## Work to complete
Repeat the listing in full, preserving every character.

## Recorded data
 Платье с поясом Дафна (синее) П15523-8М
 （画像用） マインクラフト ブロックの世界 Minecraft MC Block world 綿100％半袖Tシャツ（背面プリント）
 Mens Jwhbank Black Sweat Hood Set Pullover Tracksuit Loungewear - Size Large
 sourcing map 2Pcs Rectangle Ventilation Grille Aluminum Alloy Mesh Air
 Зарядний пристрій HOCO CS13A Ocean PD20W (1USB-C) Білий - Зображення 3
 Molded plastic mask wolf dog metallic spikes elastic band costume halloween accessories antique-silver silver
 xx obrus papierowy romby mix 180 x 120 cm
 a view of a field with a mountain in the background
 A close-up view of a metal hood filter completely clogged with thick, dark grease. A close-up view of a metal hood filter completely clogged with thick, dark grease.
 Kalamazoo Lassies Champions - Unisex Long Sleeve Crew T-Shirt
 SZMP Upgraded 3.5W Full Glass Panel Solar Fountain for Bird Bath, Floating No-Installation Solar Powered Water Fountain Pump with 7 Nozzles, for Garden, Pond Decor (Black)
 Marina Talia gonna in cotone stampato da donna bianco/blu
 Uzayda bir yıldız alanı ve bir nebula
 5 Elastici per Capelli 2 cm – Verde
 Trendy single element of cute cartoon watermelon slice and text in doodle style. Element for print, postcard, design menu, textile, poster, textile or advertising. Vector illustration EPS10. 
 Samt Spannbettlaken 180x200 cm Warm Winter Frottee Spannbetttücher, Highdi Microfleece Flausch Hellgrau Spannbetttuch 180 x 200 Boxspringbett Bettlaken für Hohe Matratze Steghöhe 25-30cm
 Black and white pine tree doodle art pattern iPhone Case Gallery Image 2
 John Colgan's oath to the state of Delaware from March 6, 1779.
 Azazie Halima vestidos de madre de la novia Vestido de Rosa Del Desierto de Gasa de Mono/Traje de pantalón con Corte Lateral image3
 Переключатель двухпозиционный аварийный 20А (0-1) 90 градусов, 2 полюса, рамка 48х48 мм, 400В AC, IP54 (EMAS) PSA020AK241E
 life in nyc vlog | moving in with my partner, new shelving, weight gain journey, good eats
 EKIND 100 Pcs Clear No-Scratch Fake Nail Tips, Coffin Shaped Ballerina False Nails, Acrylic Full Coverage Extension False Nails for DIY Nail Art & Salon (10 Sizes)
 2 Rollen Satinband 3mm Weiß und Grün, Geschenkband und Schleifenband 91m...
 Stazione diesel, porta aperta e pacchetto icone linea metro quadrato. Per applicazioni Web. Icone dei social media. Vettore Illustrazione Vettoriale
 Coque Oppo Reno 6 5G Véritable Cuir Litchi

## Final answer
 Платье с поясом Дафна (синее) П15523-8М
 （画像用） マインクラフト ブロックの世界 Minecraft MC Block world 綿100％半袖Tシャツ（背面プリント）
 Mens Jwhbank Black Sweat Hood Set Pullover Tracksuit Loungewear - Size Large
 sourcing map 2Pcs Rectangle Ventilation Grille Aluminum Alloy Mesh Air
 Зарядний пристрій HOCO CS13A Ocean PD20W (1USB-C) Білий - Зображення 3
 Molded plastic mask wolf dog metallic spikes elastic band costume halloween accessories antique-silver silver
 xx obrus papierowy romby mix 180 x 120 cm
 a view of a field with a mountain in the background
 A close-up view of a metal hood filter completely clogged with thick, dark grease. A close-up view of a metal hood filter completely clogged with thick, dark grease.
 Kalamazoo Lassies Champions - Unisex Long Sleeve Crew T-Shirt
 SZMP Upgraded 3.5W Full Glass Panel Solar Fountain for Bird Bath, Floating No-Installation Solar Powered Water Fountain Pump with 7 Nozzles, for Garden, Pond Decor (Black)
 Marina Talia gonna in cotone stampato da donna bianco/blu
 Uzayda bir yıldız alanı ve bir nebula
 5 Elastici per Capelli 2 cm – Verde
 Trendy single element of cute cartoon watermelon slice and text in doodle style. Element for print, postcard, design menu, textile, poster, textile or advertising. Vector illustration EPS10. 
 Samt Spannbettlaken 180x200 cm Warm Winter Frottee Spannbetttücher, Highdi Microfleece Flausch Hellgrau Spannbetttuch 180 x 200 Boxspringbett Bettlaken für Hohe Matratze Steghöhe 25-30cm
 Black and white pine tree doodle art pattern iPhone Case Gallery Image 2
 John Colgan's oath to the state of Delaware from March 6, 1779.
 Azazie Halima vestidos de madre de la novia Vestido de Rosa Del Desierto de Gasa de Mono/Traje de pantalón con Corte Lateral image3
 Переключатель двухпозиционный аварийный 20А (0-1) 90 градусов, 2 полюса, рамка 48х48 мм, 400В AC, IP54 (EMAS) PSA020AK241E
 life in nyc vlog | moving in with my partner, new shelving, weight gain journey, good eats
 EKIND 100 Pcs Clear No-Scratch Fake Nail Tips, Coffin Shaped Ballerina False Nails, Acrylic Full Coverage Extension False Nails for DIY Nail Art & Salon (10 Sizes)
 2 Rollen Satinband 3mm Weiß und Grün, Geschenkband und Schleifenband 91m...
 Stazione diesel, porta aperta e pacchetto icone linea metro quadrato. Per applicazioni Web. Icone dei social media. Vettore Illustrazione Vettoriale
 Coque Oppo Reno 6 5G Véritable Cuir Litchi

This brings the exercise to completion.